Eventually the book made its way into the offices of Schocken Books, a small house that published primarily Judaica and literary works by young Jewish novelists. Schocken's 1970 edition of the book was a quick success,
helped along by the Nearings' regular column in the
newly launched magazine Mother Earth News. By 1979 "Living the Good
Life" had sold through 17 printings, and by one estimate more than 1
million people had made the decision to go back to the land. . . .
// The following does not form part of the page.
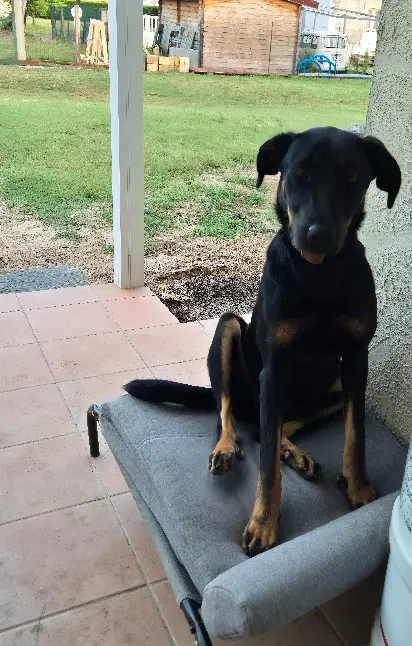 Chienne Perdue 40 Landes - Uzy Chienne Perdue 40 Landes - Uzy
Back-to-the-landers searching for their spiritual leaders in
Vermont, however, were disappointed to find that the Nearings
had, in the parlance of the day, "split." Even before "Living the
Good Life" was published, the Nearings felt
oppressed by a rising tide of visitors and by the encroachment of the adjacent
Stratton Mountain ski development. And so in 1952 they sold their stone
buildings, gave away their timber acreage to the town of Winhall,
and established a second Forest Farm on Cape Rosier, a remote Maine peninsula
just south of Blue Hill.
The visitors kept coming all the same. Helen recorded over 2,000
"pilgrims" dropping by on a yearly basis throughout the `70s. Some
who tried their hand at
homesteading later came to feel the Nearings'
own experiment was rigged. Scott and Helen, it turns out, were not entirely
self-sufficient -- they had money from inheritances and insurance policies. They
hadn't built their massive stone houses entirely by themselves. And Helen broke
the no-processed-food party line by eating ice cream.
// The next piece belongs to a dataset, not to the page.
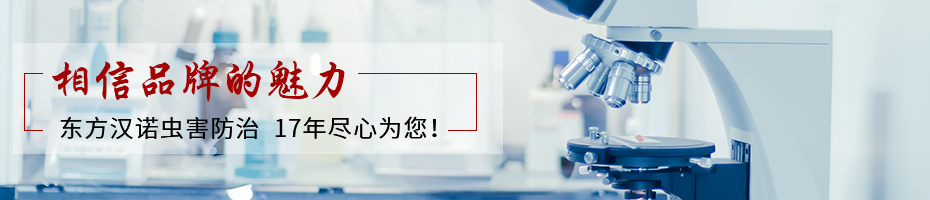 相信品牌的（de）力量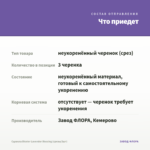 Сцевола Bicolor Lavender Blessing (срезы/3шт) — что приедет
But others understood. As Rebecca Gould (an early "resident
steward" at Forest Farm after Scott and Helen had died) writes in her
forthcoming cultural history of homesteading, that "the Nearings' decision to make homesteading `look easy' was, in
part, an expression of their evangelical enthusiasm for the ways of life they
had chosen." These folks helped Helen care for Scott after he announced,
at the age of 100, "I think I won't eat any more." And after Helen
died in a car crash in 1995 they helped transform the Harborside
farm into a nonprofit working homestead called the Good Life Center.
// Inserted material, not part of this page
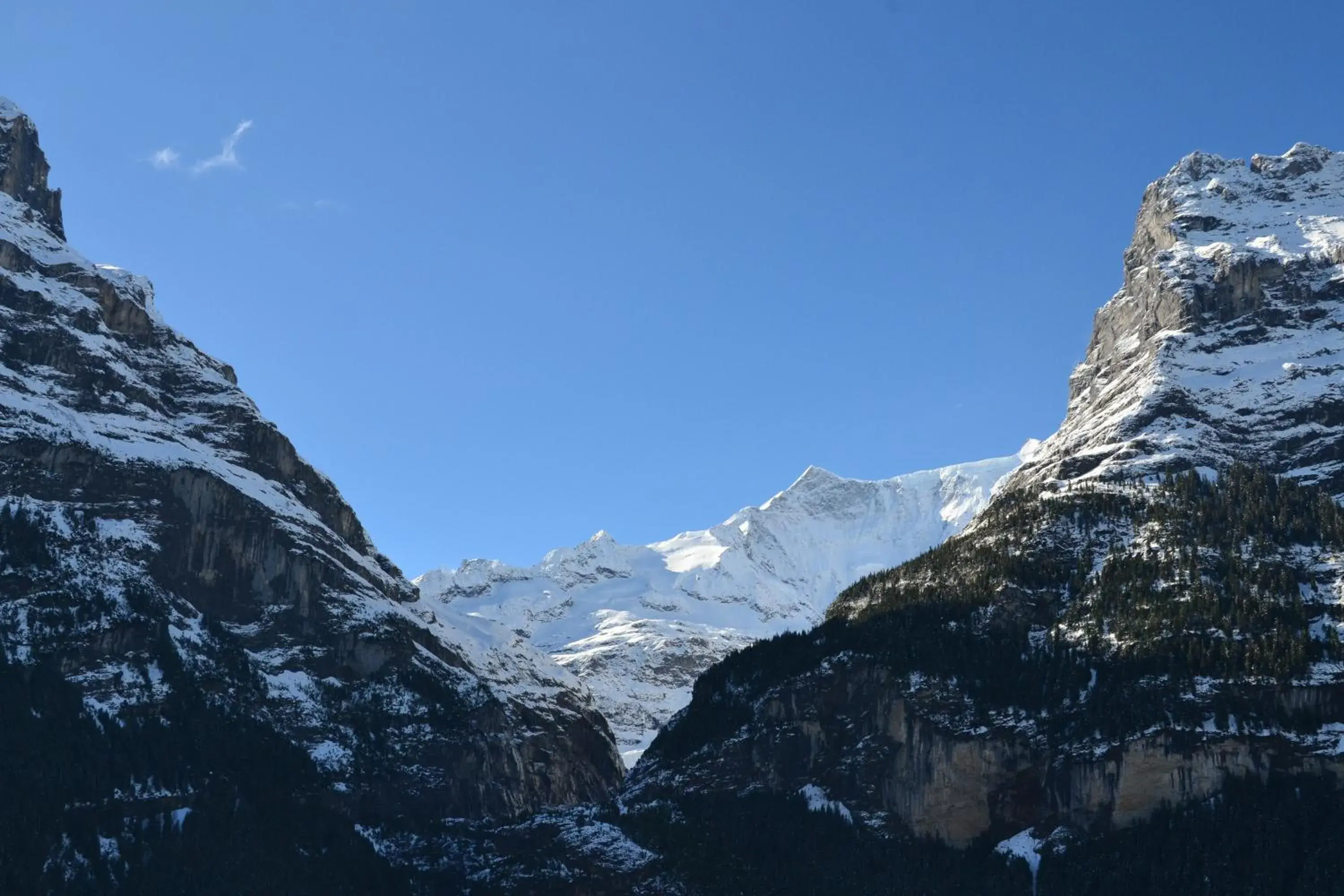 Hiking, Winter in Hotel Hirschen - Grindelwald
(They also found the groupie-like enthusiasm of many pilgrims to
be downright silly at times. After Scott died and Helen began spending winters
with a sister near West Palm Beach, Eliot Coleman recalls, some neighbors
suggested posting a sign on Cape Rosier Road: "Scott's dead. Helen's in
Florida. Get a life!")
Looking back on the success of his meat-packing industry
exposŽ "The
Jungle," Upton Sinclair once lamented, "I aimed at the public's heart
and by accident I hit it in the stomach." That epitaph can in some way be
applied to Sinclair's one-time neighbor at Arden. Scott Nearing's more than 50
published works attest that his
paramount concerns were equal distribution of property, nonviolence, and the
propagation of a new social order. But his and Helen's more lasting legacy was
to be what Scott Meyer, the current editor of Organic Gardening Magazine,
calls "the seed" for the
organic food movement, which has made organic the fastest growing sector in the
American food industry.
Today, the mainstream vision of the wholesome good life is more
likely to involve buying organic maple syrup at Whole Foods than tapping trees,
chopping wood by hand, and patiently boiling down the sap. But "The Good
Life," a one-volume edition
bundling "Living the Good Life" with its sequel "Continuing the
Good Life," still sells a steady 3,000 copies a year. Korean and Japanese
editions are in the works. It would seem that for people who dream of
abandoning New York, or Seoul, or Tokyo, the Nearing legacy is neither dead nor
dying, but rather -- like the
couple's own cremated remains scattered over Forest Farm -- composting.